I think it’s safe to say that Apple’s success story has now grown to mythic proportions.
And it deserves every bit of its myth-hood: two guys in a garage start a computer company that grows to become the most valuable company on earth. (Well, it will be soon. Move over, ExxonMobil.)
Every good legend has its heroes and villains. Playing the role of villains in this tale would be John Sculley and the Apple board for being so dumb as to actually fire Steve in 1985, setting off the company’s great decline. Steve’s return 12 years later — and subsequent astronomical success of the company — proves what a boneheaded move that was, right?
Steve’s buddy Larry Ellison sure thinks so. Commenting on HP’s firing of its CEO last year, Larry said, “The HP board just made the worst personnel decision since the idiots on the Apple board fired Steve Jobs many years ago. That decision nearly destroyed Apple and would have if Steve hadn’t come back and saved them.”
Even John Sculley, master conspirator, now says it was a mistake to drive Steve away.
Well, not so fast, fellas. Steve’s firing is actually the reason Apple rules the world today — though admittedly, the players could not have foreseen this at the time.
Steve was pushed out because, brilliant as he was, he wasn’t all that brilliant on the business side. He was costing the company a ton of money. There was a legitimate fear that if he didn’t leave, he’d literally run the company into the ground. It was heart-wrenching, but out he went.
In exile, Steve founded NeXT Computer, Inc. NeXT was an exciting new venture for him, but it was also humbling.
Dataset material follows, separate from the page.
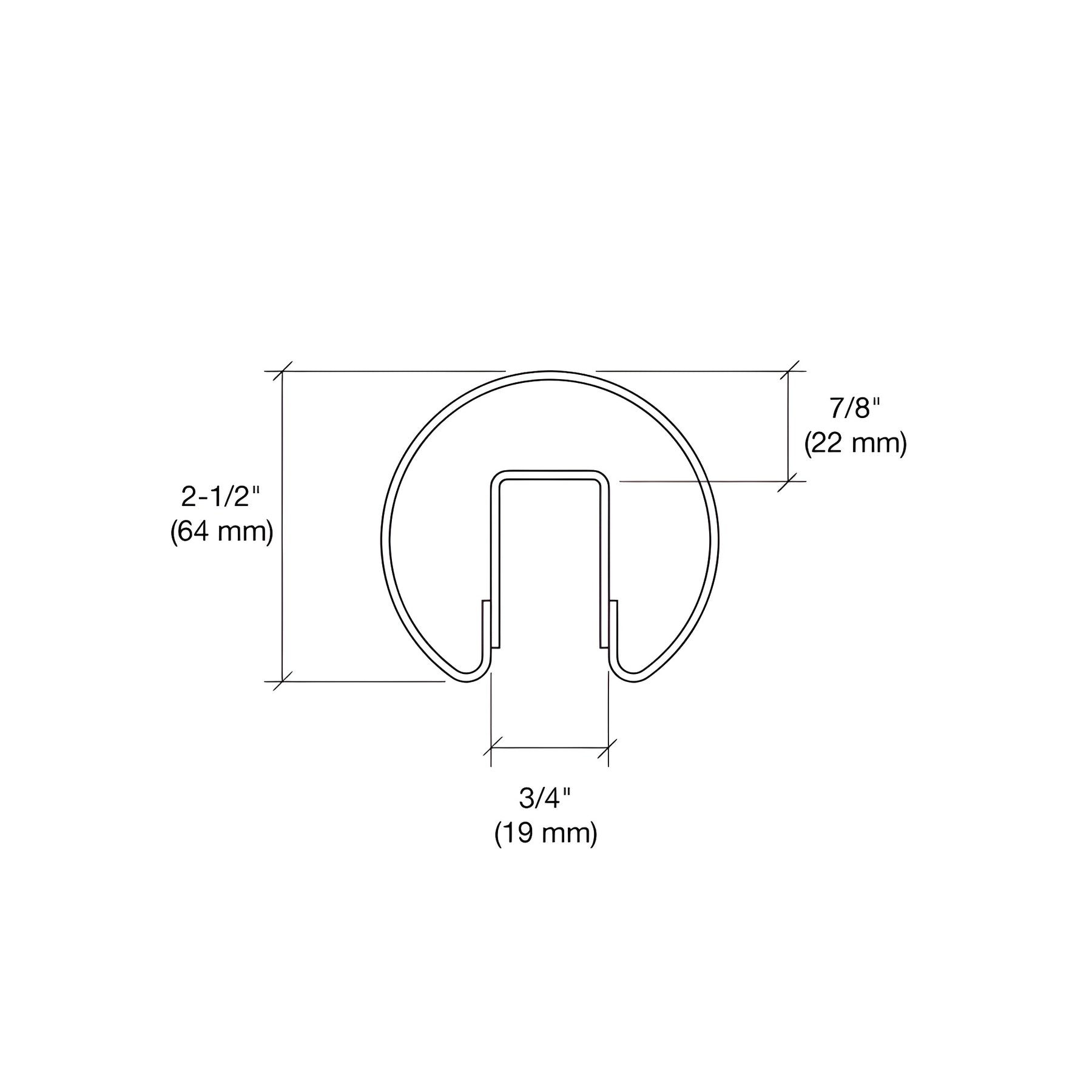 CRL Polished Brass 2-1/2" Premium Cap Rail for 1/2" Glass - 120"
He didn’t have zillions of dollars to burn, so he had to court investors like Ross Perot and Canon. Financially, NeXT was a constant struggle.
This was Steve’s remedial course in Business 101. Obviously he’d learned a ton by building Apple, but NeXT taught him new levels of responsibility. Now, in a world filled with computer companies, he was going to build a new one from scratch. He’d have to stretch budgets to keep innovating through the dark times. He’d have to keep employees happy and inspired. He’d have to create new partnerships. Steve’s business skills improved immensely as a result.
With NeXT, Steve would experience something he’d never really known before: failure. At least failure in the sense that his beautiful new computer didn’t exactly set the world on fire. The press paid attention, but they wrote about a struggling NeXT, not a smashing new success. At some point, Steve would be forced to give up on the hardware and concentrate on what really made NeXT special: its software.
And so, when Apple found itself floundering, desperately in need of a new direction for the Mac OS, they bought NeXT. This gave them the technology to build Mac OS X, and it also brought Steve Jobs home — a more mature, business-savvy, fire-tested Steve Jobs than had ever walked the halls of Apple before.
If Apple hadn’t sent Steve into exile in 1985, there would have been no NeXT. Mac OS X would have been very, very different. And Steve himself would have been very, very different.
You only have to listen to Steve to appreciate how this experience changed him. In his speech at Stanford’s commencement in 2008, he said:
“I didn’t see it then, but it turned out that getting fired from Apple was the best thing that could have ever happened to me. The heaviness of being successful was replaced by the lightness of being a beginner again, less sure about everything. It freed me to enter one of the most creative periods of my life.”
Things worked out pretty well for Steve personally too. It was while at NeXT that he met his wife and started a family.
And so, a hearty thank-you to John Sculley and the Apple board for chasing away the one man who could save the company. In the process, you set the wheels in motion to re-create the company — and re-create the man.